My new photographer is taking a break I guess. So it’s back to my poor photographs. I really fail in this and other categories. (Math skills??) Abby loves to remind me of the photos I took when I went to Lafayette, Louisiana, with dear friends Jamie and Bryan. We had a blast at a Zydeco festival and my pictures showed images of people’s disembodied dancing feet. I also got a few snaps of frogs with my finger in the frame.
My thoughts this week have been about the liberation I feel at being seventy. I remember being at a conference long ago and hearing Carolyn Heilbrun, feminist writer and author of the Amanda Cross mysteries. She was celebrating her sixtieth birthday and told the group that she was thrilled because at that age women become invisible to the male gaze, so she no longer felt compelled to hold in her stomach!
While I do my best to avoid becoming invisible with my gaudy red hair and crazy clothes, I no longer give a damn about whether others approve of how I look.
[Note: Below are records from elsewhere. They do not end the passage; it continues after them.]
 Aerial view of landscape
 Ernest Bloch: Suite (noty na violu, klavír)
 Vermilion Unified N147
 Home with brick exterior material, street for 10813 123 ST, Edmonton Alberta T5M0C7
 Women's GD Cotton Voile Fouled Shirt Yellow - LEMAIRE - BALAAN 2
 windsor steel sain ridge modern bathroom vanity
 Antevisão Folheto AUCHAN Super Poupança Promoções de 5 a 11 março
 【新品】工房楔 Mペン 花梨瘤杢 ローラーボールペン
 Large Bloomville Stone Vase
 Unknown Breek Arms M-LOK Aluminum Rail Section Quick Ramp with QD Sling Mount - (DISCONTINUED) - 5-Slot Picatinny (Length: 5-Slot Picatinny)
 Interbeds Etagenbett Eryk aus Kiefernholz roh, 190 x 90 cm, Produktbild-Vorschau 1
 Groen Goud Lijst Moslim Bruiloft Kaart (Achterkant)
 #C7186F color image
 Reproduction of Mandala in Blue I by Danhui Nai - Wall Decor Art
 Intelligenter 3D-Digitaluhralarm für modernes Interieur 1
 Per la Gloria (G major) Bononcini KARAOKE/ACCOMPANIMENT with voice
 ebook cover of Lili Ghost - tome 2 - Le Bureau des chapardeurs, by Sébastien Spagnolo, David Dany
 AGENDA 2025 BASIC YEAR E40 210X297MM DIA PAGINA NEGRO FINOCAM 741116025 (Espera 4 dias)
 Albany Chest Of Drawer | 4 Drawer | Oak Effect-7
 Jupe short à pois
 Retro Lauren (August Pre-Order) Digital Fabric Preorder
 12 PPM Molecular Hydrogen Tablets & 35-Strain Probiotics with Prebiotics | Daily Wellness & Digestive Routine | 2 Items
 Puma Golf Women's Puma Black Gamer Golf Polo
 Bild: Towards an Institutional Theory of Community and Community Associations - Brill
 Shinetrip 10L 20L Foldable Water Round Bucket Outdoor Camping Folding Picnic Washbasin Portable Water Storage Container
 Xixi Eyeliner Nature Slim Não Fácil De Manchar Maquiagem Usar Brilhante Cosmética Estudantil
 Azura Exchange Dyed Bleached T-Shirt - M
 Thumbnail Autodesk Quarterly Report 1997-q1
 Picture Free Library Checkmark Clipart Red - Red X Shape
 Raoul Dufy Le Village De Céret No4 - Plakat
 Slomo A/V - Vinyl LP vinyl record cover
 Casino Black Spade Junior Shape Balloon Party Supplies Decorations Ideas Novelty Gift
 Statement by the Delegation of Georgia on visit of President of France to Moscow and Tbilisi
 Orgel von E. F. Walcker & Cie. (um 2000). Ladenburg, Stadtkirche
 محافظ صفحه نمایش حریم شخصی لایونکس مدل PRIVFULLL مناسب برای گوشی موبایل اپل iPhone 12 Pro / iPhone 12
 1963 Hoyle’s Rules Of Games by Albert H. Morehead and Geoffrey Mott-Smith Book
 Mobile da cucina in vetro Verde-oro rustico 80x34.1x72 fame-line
I dress for myself and have a great time selecting clothing and wearing fun things. It’s a kind of art form. An expression of my creativity.
The main thing I feel so good about, though, is that I am finally free to pursue whatever interests I have. I loved teaching, especially in the years before Juvie, because each day was unique and I got to hang around with fabulous young people and be a part of communities of scholars at Riverdale Country School and Charlotte Country Day. Yet, being a teacher at an independent school eats up every minute of your life not dedicated to family. There was never time to try something else or explore other passions.
Now that I am not consumed by teaching I am free to flex my wings. Running a store and being my own boss have always been dreams of mine. I can finally buy and sell beautiful things, decorate the store, and be available when friends drop by to visit. I say thank you to Social Security for opening this door!
I observe other friends experiencing the same sense of freedom and purpose that I do. Some are dedicating themselves to working for political change, some to peace and social justice issues, and some spending the time they have longed for to work on their art.
I am so lucky to have such a sturdy constitution and such good health. My crazy father and his family all lived active, healthy lives into their late nineties, and God willing, I have time to explore my passions in good health.
When I was younger, I thought that getting older and not being employed full time would be like going into hibernation. I pictured myself sitting on a porch in a rocking chair waiting for the lights to go out. I should have been paying closer attention to my maternal grandfather who started a new business in his eighties. Old age doesn’t have to mean turning off the lights and locking up the doors. As long as we can, we can grow and learn.